Exercise:
Which lines to output? The line containing "Aker Fassi with Poppies" and every line after it in the data below, each copied exactly.

○ ○ ○ ○ ○

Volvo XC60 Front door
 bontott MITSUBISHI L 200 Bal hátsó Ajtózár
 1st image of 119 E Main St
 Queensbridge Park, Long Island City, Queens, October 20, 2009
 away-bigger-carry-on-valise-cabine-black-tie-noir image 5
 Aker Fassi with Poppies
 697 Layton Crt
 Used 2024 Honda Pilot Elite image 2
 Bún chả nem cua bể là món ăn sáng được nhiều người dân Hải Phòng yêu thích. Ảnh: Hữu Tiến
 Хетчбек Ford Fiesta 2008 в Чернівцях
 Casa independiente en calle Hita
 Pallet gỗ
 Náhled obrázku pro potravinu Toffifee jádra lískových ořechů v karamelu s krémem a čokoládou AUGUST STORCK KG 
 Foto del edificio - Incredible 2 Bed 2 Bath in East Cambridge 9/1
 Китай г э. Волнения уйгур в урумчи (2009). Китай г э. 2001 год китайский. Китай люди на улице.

○ ○ ○ ○ ○

Response:
 Aker Fassi with Poppies
 697 Layton Crt
 Used 2024 Honda Pilot Elite image 2
 Bún chả nem cua bể là món ăn sáng được nhiều người dân Hải Phòng yêu thích. Ảnh: Hữu Tiến
 Хетчбек Ford Fiesta 2008 в Чернівцях
 Casa independiente en calle Hita
 Pallet gỗ
 Náhled obrázku pro potravinu Toffifee jádra lískových ořechů v karamelu s krémem a čokoládou AUGUST STORCK KG 
 Foto del edificio - Incredible 2 Bed 2 Bath in East Cambridge 9/1
 Китай г э. Волнения уйгур в урумчи (2009). Китай г э. 2001 год китайский. Китай люди на улице.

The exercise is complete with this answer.